Key Technical Details:

  • APEX-Agents (Google Workspace professional tasks, Pass@1): Gemini 3 Flash High 24.0%, GPT-5.2 High 23.0%, Claude Opus 4.5 High 18.4%.
  • Legal “prinzbench”: GPT-5.2 Thinking barely >50%; Gemini close; Sonnet/Opus 4.5 scored 0/24 on Search tasks (search orchestration is the choke point).
  • Memory/reliability: Agent Cognitive Compressor (ACC) proposes a bounded “Compressed Cognitive State” vs naive transcript replay to reduce drift/hallucination. MCP-SIM multi-agent loop reportedly solves 12/12 scientific tasks vs one-shot GPT at 6/12.
  • Platform/UX: Prefect Horizon frames a managed “context layer” for MCP servers (registry, RBAC, audit logs). Phil Schmid recommends outcome-centric tools with typed, constrained args; positions Skills and MCP as complementary. LangChain ships Agent Builder GA, “agents as folders,” templates (Tavily, PagerDuty, Box), and subagent/skills-on-demand patterns.
  • Inference: AirLLM uses sequential layer loading (load → compute → free) and compression to serve big models with tiny VRAM; supports CPU/GPU, Linux/macOS.

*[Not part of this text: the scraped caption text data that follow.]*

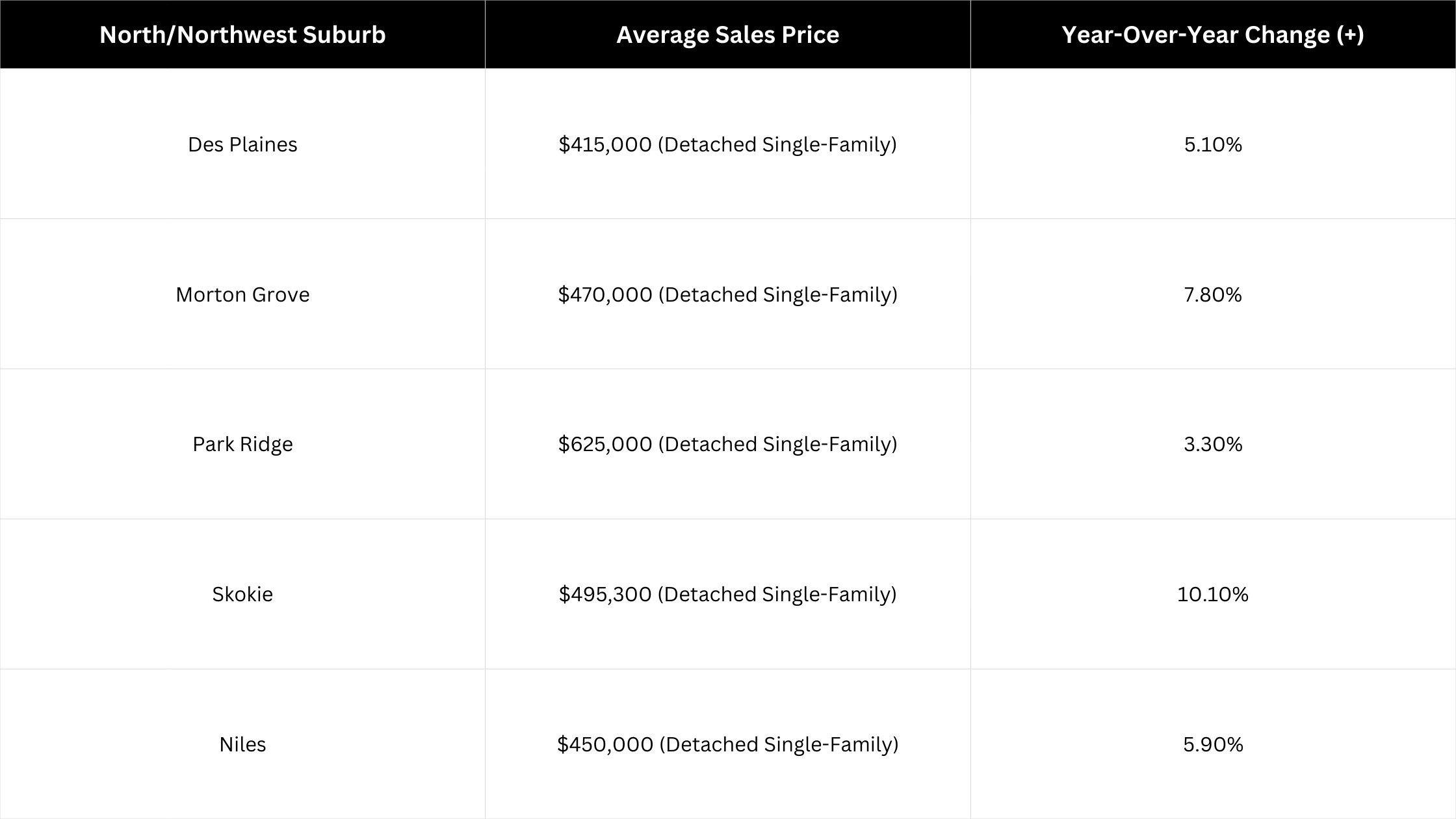 Average Sales Price January 2026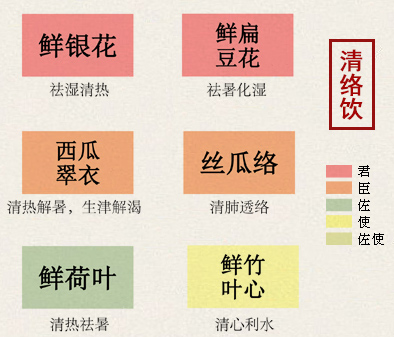 清络饮(图1)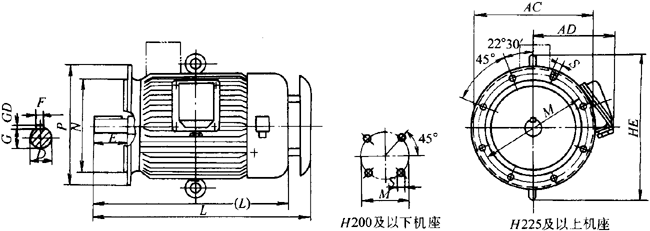 BPY系列三相交流變頻調(diào)速異步電動(dòng)機(jī)外形尺寸(H80~400mm)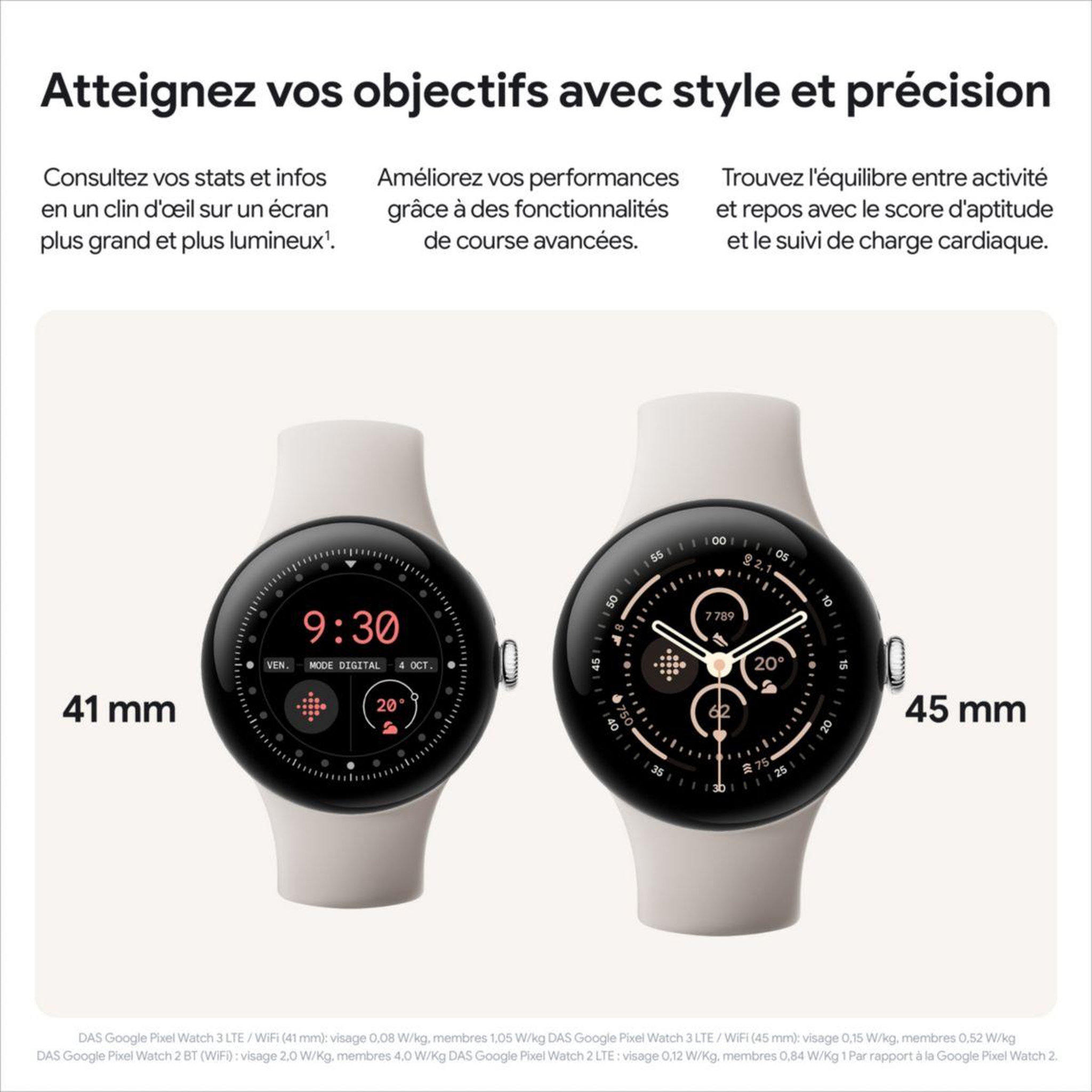 Voir la diapositive 5 : GOOGLE Montre connectée Pixel Watch 3 45 mm Noir Mat 4G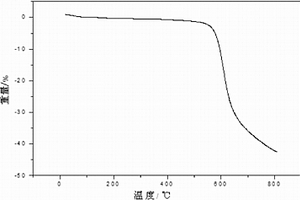 纳米硼酸铅/聚酰亚胺辐射防护复合材料及其制备方法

Community Response/Impact:

  • Anthropic’s constitution sparked debate: openness and clarity vs alignment signaling or “persona baking”; some note circularity in training models on normative documents about their own behavior.
  • Practitioners emphasize production scaffolding (auth, observability, guardrails) and better tool schemas over larger context windows.
  • Hiring/evals shift: Anthropic notes Opus 4.5 solved an internal performance-engineering take-home, prompting redesign of evaluation methods.

First Principles Analysis:

  • OpenEvidence’s multiple suggests investors are pricing in regulated-market moats (clinical accuracy, liability handling, HIPAA/EHR integrations) and distribution (claimed 40% physician use). The path to durable revenue likely runs through billing, order entry, and payer/provider workflows where switching costs and compliance barriers are highest. The risk: verifying real clinical adoption and ensuring outcomes/medico-legal safety at scale.
  • Agent progress hinges less on model IQ and more on disciplined tool interfaces, memory compression, and governance. Benchmarks show autonomy is fragile; the winning stack will pair strong models with robust context layers, typed tool contracts, and observability—turning “agent as demo” into “agent as dependable operator.”